Un consumo da digital food potrebbe far perdere molto della pasta di una musica, che è stata volutamente registrata su analogico. Gli intrecci degli strumenti, protratti in jam apparentemente spontanee come in Indian Song, fanno pensare a live appassionati e coinvolti. La voce è esclusivamente funzionale al sogno che si dipana lungo le dieci tracce, con testi onirici, tutti in italiano, non riferibili a storie vere e proprie. La musica degli Underfloor ha una trama ricca, che richiede un ascolto attento. Quello proposto è un sound che unisce new wave e progressive e segna con decisione una svolta nella produzione dell’ensemble fiorentino: la viola diventa lo strumento solista, mentre la chitarra acustica ha ora un ruolo preminente lungo tutto il disco, sostenuta dalla robusta ritmica in primo piano di basso e batteria. [...]

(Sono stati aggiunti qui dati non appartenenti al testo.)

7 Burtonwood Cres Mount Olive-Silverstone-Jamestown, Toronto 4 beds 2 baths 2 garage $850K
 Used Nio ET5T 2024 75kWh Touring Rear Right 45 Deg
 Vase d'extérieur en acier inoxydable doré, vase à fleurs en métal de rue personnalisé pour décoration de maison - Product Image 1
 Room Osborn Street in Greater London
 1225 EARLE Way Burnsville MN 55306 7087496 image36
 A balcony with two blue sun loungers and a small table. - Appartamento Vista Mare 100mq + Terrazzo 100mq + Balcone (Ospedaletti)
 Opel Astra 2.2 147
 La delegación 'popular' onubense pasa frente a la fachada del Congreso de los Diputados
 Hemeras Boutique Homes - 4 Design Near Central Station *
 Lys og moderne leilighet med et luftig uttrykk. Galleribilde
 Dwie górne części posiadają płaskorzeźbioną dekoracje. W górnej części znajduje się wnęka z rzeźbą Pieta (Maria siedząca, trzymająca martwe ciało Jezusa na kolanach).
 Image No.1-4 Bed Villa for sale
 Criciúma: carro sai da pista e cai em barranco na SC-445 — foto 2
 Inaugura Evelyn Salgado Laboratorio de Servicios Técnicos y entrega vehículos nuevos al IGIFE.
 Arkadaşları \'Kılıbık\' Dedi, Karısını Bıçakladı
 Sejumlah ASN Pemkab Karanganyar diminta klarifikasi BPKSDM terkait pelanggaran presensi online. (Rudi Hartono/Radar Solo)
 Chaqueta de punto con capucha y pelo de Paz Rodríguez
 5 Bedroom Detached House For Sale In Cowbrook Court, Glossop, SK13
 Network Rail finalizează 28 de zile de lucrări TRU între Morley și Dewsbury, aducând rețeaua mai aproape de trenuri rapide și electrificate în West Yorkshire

“Quattro” si presenta fin da subito per quello che è, un gran bel disco di psichedelia contaminata, dentro il quale si fondono in un’indivisibile sonica unità pensante tutti gli individualismi in campo; dieci episodi attraverso i quali gli Underfloor prendono definitivamente coscienza delle proprie capacità compositive, alternando ardite evoluzioni orchestrali (in odor di prog) a più frivoli disimpegni radiofonici con disarmante disinvoltura, forse senza neanche sfruttare a pieno il proprio carburante artistico; la saggezza ritmica e vocale di Guido Melis, la versatilità sulle 6 corde di Marco Superti, la tonicità metronomica di Lorenzo Desiati e gli spasmi su archi di Giulia Nutini – vero baricentro immaginifico nell’impasto elettro/acustico d’insieme – partoriscono in serie il progressive tribale di Indian Song, la grazia melodica quasi preraffaellita di Lei non sa, l’intermezzo folk-impressionista di Solaris, il pop complesso di Intorno a me e tutto il resto ancora, a completare un affresco analogico d’inquieta bellezza.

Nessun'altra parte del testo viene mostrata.